Undeterred by his apparent deficiency, Berlioz focused on his strengths instead and composed in the genres he knew best: orchestral and vocal music.  Somehow, he was filling the gap that had emerged in the repertoire with mostly piano music getting all the attention, and reviving the tradition of symphonic writing.  As a young man, he found the experience of listening to Beethoven’s symphonies to be overwhelming and saw them as starting point.

His first important work was the marvelous Symphonie fantastique (1830), a five-movement symphony encompassing all the trademarks of his style.  Berlioz was well read, and adored great romantic literature, even weeping at reading passages by Shakespeare, Goethe, and Byron. Berlioz, who possessed quite a compulsive and melodramatic personality, fell deeply in love with the actress Harriet Smithson after watching her playing the role of Ophelia and declared his undying love so overpassionately that she rejected his advances. So, Berlioz attempted to win her affection by composing the Symphonie fantastique, which is considered one of the most dramatic music ever written.  He also uses a recurrent theme in this brilliantly orchestrated symphony known as the idée fixe–representing the object of his desires–a device utilized by later composers for more theatrical coherence.

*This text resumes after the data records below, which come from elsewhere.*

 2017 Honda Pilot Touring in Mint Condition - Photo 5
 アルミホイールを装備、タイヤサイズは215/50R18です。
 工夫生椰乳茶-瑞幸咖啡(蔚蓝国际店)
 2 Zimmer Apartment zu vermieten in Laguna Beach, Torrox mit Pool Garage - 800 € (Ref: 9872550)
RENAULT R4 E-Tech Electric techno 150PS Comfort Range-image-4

Symphonie fantastique was an overwhelming success that brought him both acclaim and notoriety. Though he went on to compose more concert overtures, programmatic symphonies and a number of operas, he never really earned the recognition he deserved during his lifetime.  It would be almost a century after his death before he was fully appreciated.

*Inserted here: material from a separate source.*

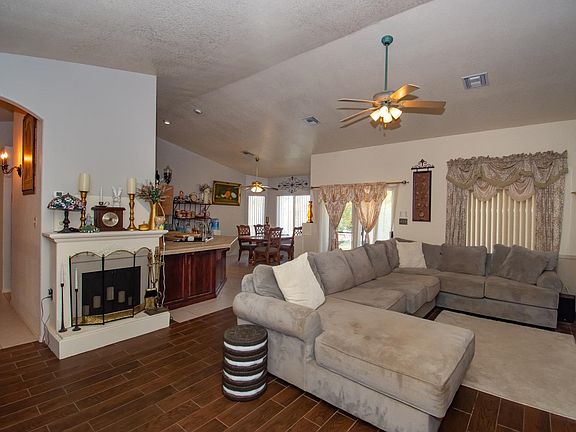 5th image of 10688 E 37th St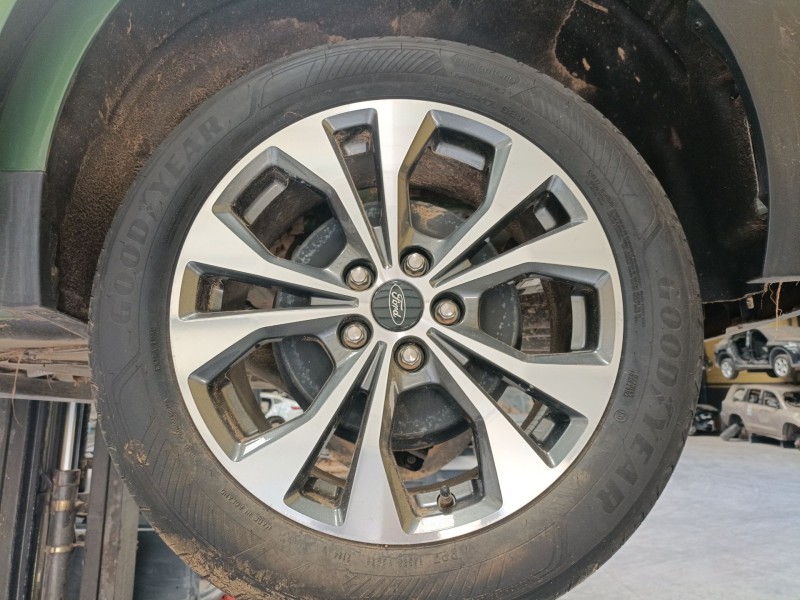 Recambio de juego llantas sin neumatico para ford tourneo combi v769 referencia OEM IAM 17 PULGADAS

His other better known works include Harold en Italie, a symphony with a solo viola part; and the astonishing concert overtures: Les francs-juges, Carnaval romain, and Le Corsaire.  For fantastic choral music on a grand scale, there’s Grande messe des morts (Requiem) and La Damnation de Faust.  Berlioz also wrote several books, including a Treatise on Instrumentation, and his very entertaining Mémoires, an extremely exaggerated account of his life and loves, written in his own subjective and colorful musical language.